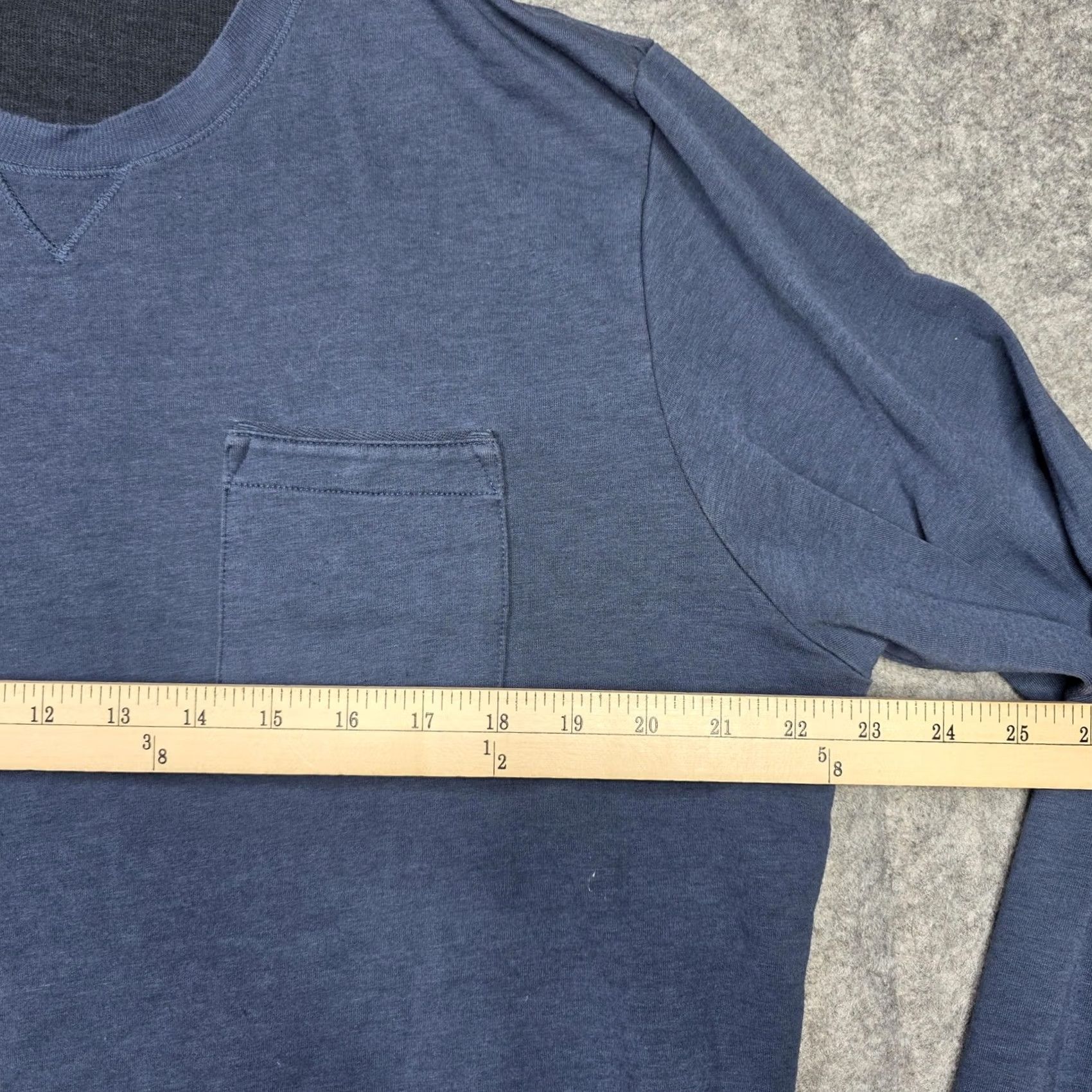 TravisMathew Travis Mathew Mens Large Blue Pullover Sweater Long Sleeve Casual Size US L / EU 52-54 / 3 - 5 Thumbnail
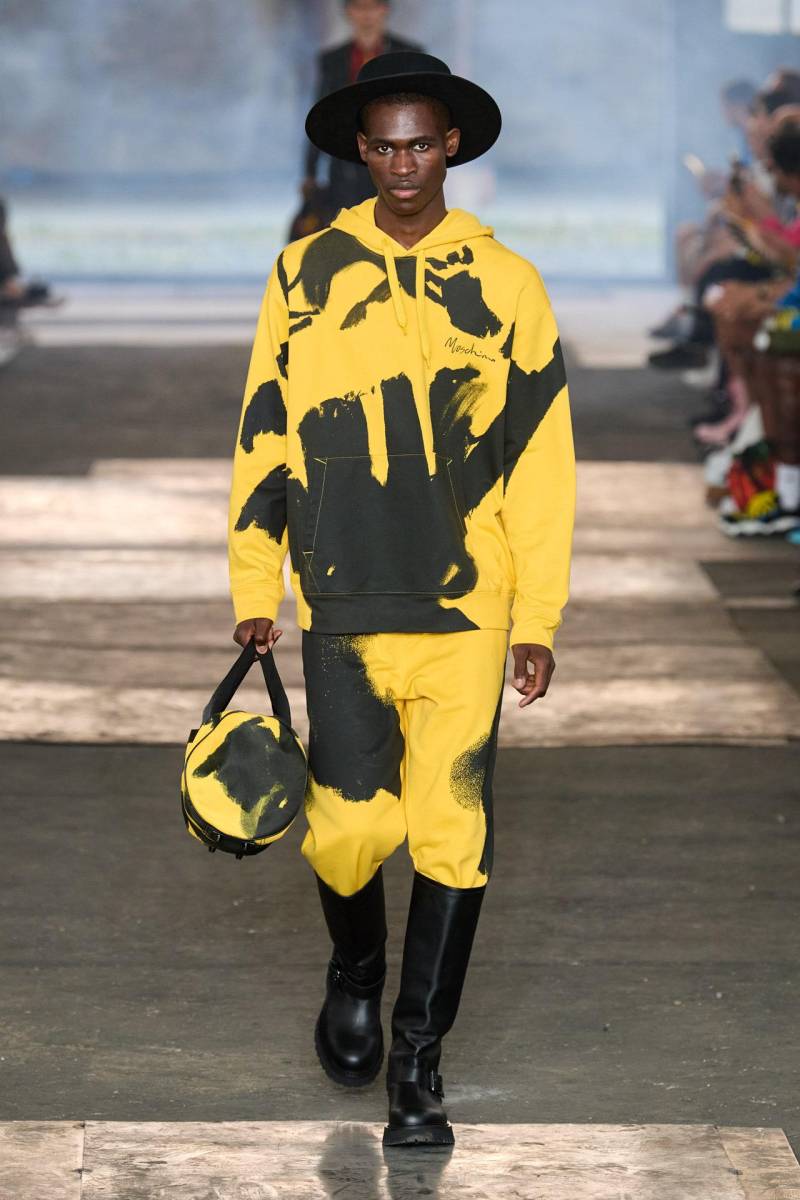 Moschino presenta colección masculina Primavera-Verano 2023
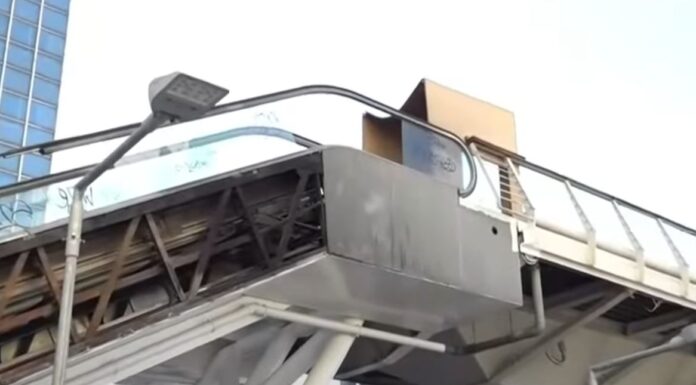 Πεζογέφυρα ΟΛΠ: Παραμένει εκτός λειτουργίας 13 μήνες μετά την πυρκαγιά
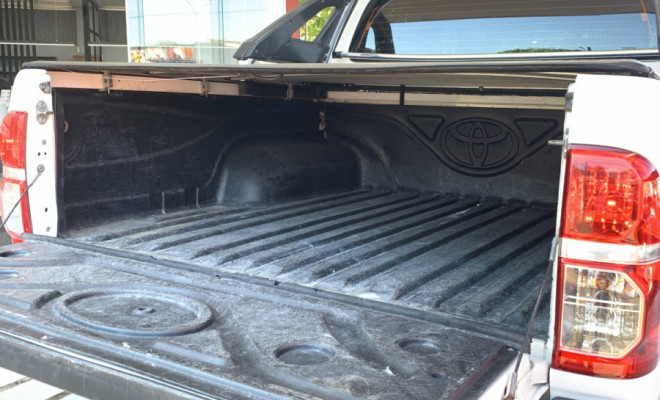 Toyota Hilux CD SRV D4-D 4x4 3.0  TDI Dies 2012 Diesel-8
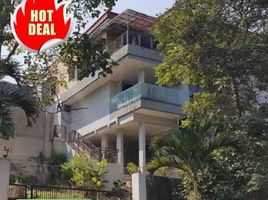 12 Bedroom House for sale in Bandung Institute of Technology, Sukajadi, Cidadap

▶ _REQUIRED WORK_
Your answer must be the records above, word for word, with every picture left out.

▶ _EXERCISE RESULT_
 TravisMathew Travis Mathew Mens Large Blue Pullover Sweater Long Sleeve Casual Size US L / EU 52-54 / 3 - 5 Thumbnail
 Moschino presenta colección masculina Primavera-Verano 2023
 Πεζογέφυρα ΟΛΠ: Παραμένει εκτός λειτουργίας 13 μήνες μετά την πυρκαγιά
 Toyota Hilux CD SRV D4-D 4x4 3.0  TDI Dies 2012 Diesel-8
 12 Bedroom House for sale in Bandung Institute of Technology, Sukajadi, Cidadap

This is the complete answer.